Soul Food Recommendations

 I spent 25 years in Santa Barbara and one of my favorite sights was the long line of brown pelicans skimming gracefully just above the water.  I loved watching that elegant, seemingly effortless flight and it was easy to feel my way into that gently undulating column.  What I seldom thought about as I watched that low gliding motion was the fish swimming beneath the surface.  The pelicans were looking for breakfast.  I never really even contemplated what it must be like to be the fish ... the target of that predatory flight.  And, I definitely never felt my way into the consciousness of the fish ... they were just invisible.

In the past 50-some-odd hours of driving to Tulsa and back, I've listened to three books on tape, an activity that is almost like time-travel since the stories carried me through the hours almost in a fugue state, autonomic half on the road while my consciousness explored other realms.  Of the three books, one was good, one was excellent, and one was an unforgettable experience. 

The first was Fever Dream, the latest in the on-going series by Douglas Preston & Lincoln Child.  An adventure mystery featuring the brilliantly quirky Aloysius Pendergast who discovers that the tragic mauling of his wife by a rogue lion in Africa was actually murder.  This series is always entertaining and the reading with the Louisiana accents is very good.

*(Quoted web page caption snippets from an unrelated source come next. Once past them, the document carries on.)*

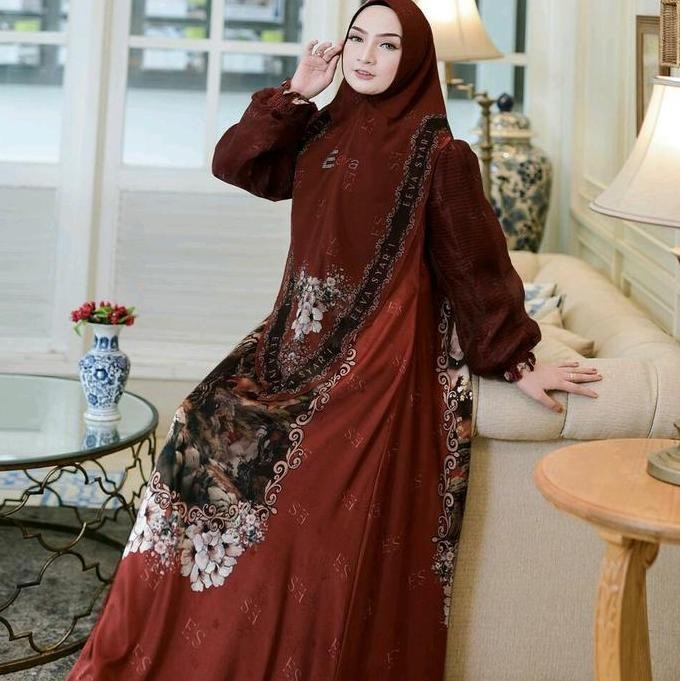 Gamis Flora Aladin Series Eeva Sister Brand Yodizein Full Silky Printing Mix Organza Muslim Berkuali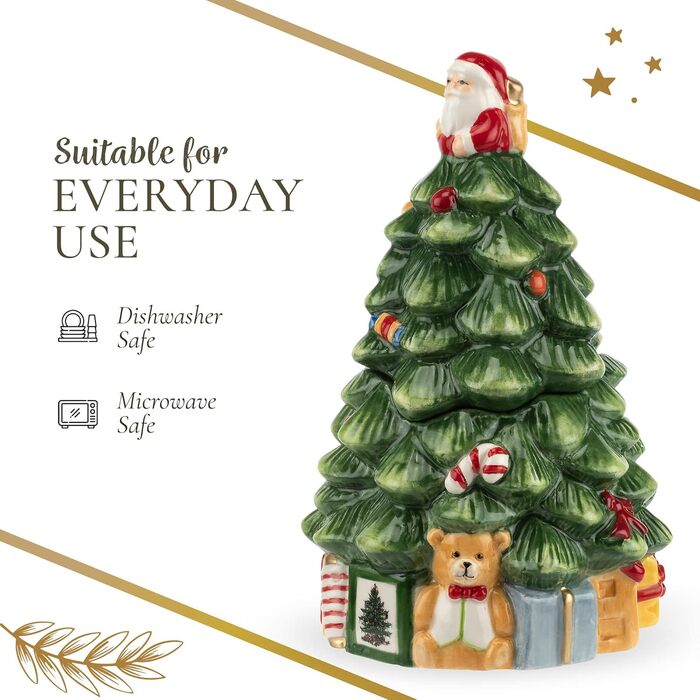 Spode Sugar and Creamer Set with Christmas Tree, Figurine Tree, 209 ml creamer and 150 ml sugar bowl with lid, festive tea and coffee set, dishwasher safe, ceramic tableware.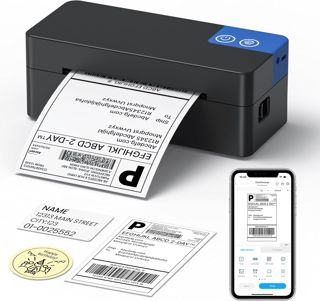 Bluetooth Etikettendrucker DHL,4x6 Versandetiketten Drucker Schwarz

The second was the last in the Stieg Larsson series, The Girl Who Kicked the Hornet's Nest.  This excellent book was bitter-sweet because the author died before the series was published so we will no longer hear the voice of this master storyteller and no longer tag along on the unique journey of Lisbeth Salander.  His books have sold over 20 million copies and in 2008, four years after his death, he was the second best selling author.  A passionate fighter against racism and right-wing extremism, Larsson will continue to be missed.  The readers in this series are very good so I highly recommend the book in either written or audio format.

The last book was truly incredible. Kathryn Stockett's The Help, is a book I avoided buying for quite some time, dismissing it as "just another book about the civil rights movement," a subject I thought I'd already read enough about.  This book is like the story of the pelican and the fish.  Set in Mississippi in the early 60s, it is the story of black maids and the white women they work for.  It's a story of a time and culture that is aware of the pelicans but has no consciousness of the fish or the interdependent cycle of life between the two.  It is a gripping story of fear and love, ignorance and wisdom, cruelty and grace, tears and laughter and a time, not so long ago, just as change was bubbling over in a way that would transform everything. 

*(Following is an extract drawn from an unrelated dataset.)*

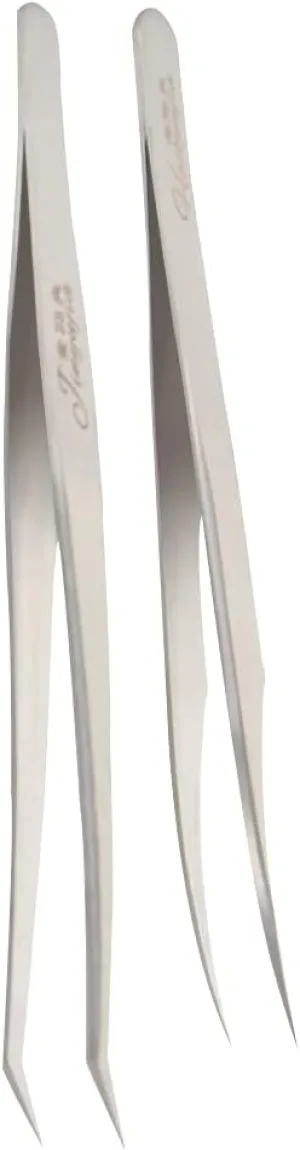 Auniwaig 4.92" Stainless Steel Precision Tweezers Micro magnetic Curved pointed Tweezers Extension Tool for lash Extensions Golden feather clip dolphin clip (iron box) 1 Set
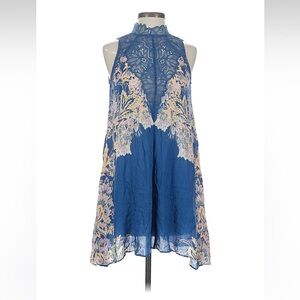 NWOT Free People Blue and Cream Lace Dress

It was amazing to remember that less than 50 years ago, if a woman in that culture married a professional man, she was expected to fill her time with volunteering and bridge and have a maid take care of her house and her children.  This dynamic created a field of intimacy that sometimes took root in a powerful, lasting love and sometimes spawned a confused and cruelly hostile and fearful environment.  This book expertly and gently balances both sides of this continuum.

While I would highly recommend reading this book, I think listening to it is an experience not to be missed.  The reading is exceptional.

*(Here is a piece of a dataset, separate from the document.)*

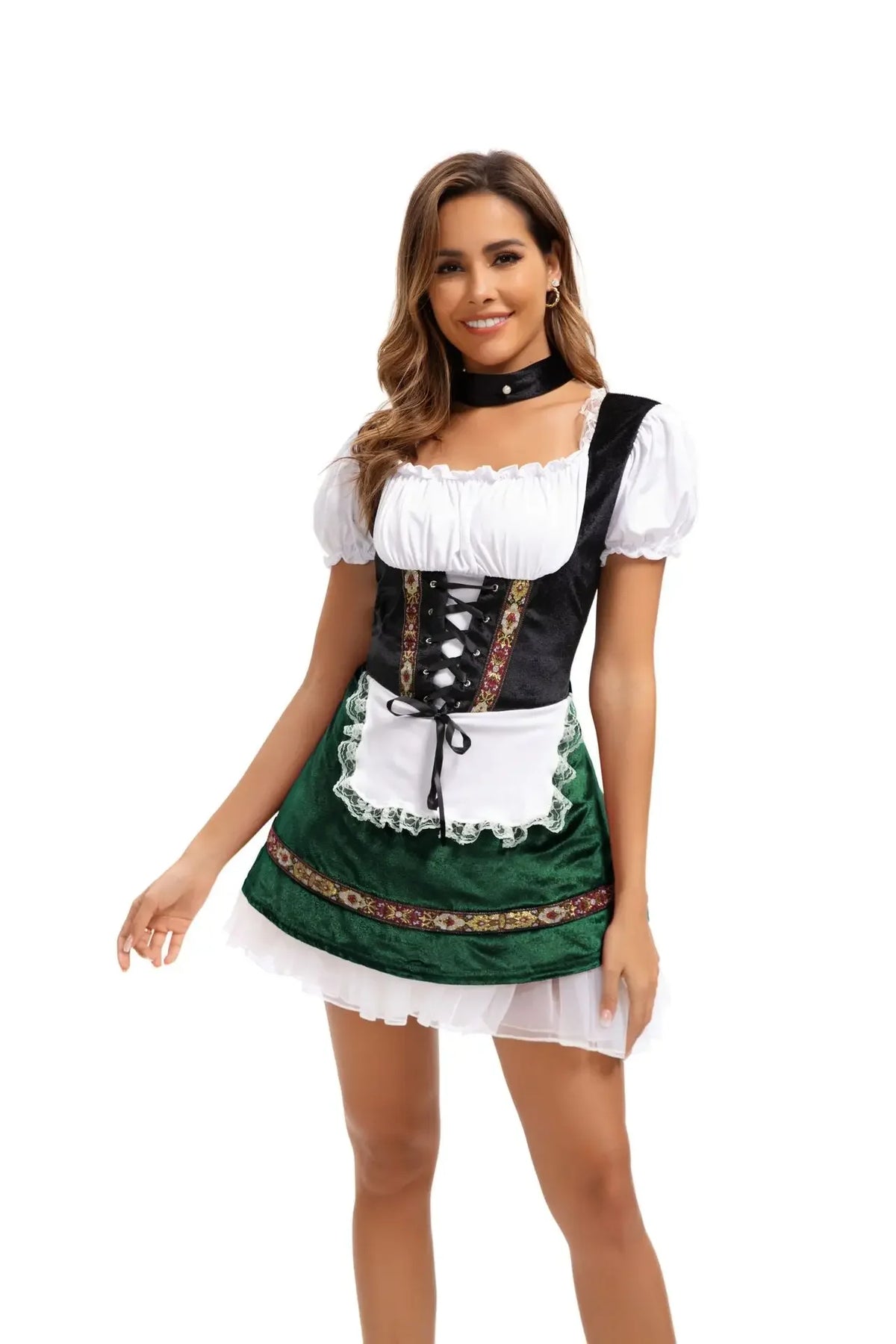 Elegant Vintage Dirndl-kjole med Snøring og Rysjer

About the image:  I was passing through a hotel restaurant when I saw this image.  It amazed me with its "stop when you're satisfied" message.  My awareness jar asks me if I could have stopped in the midst of this beauty.  Thank you to the person who left this lesson for me.

1 comment:

  1. I thoroughly enjoyed reading your posts about these books. There's been a lot of attention on Larsson's trilogy; I don't recall reading about the other two. I'm certainly going to add the last to my ever-growing booklist.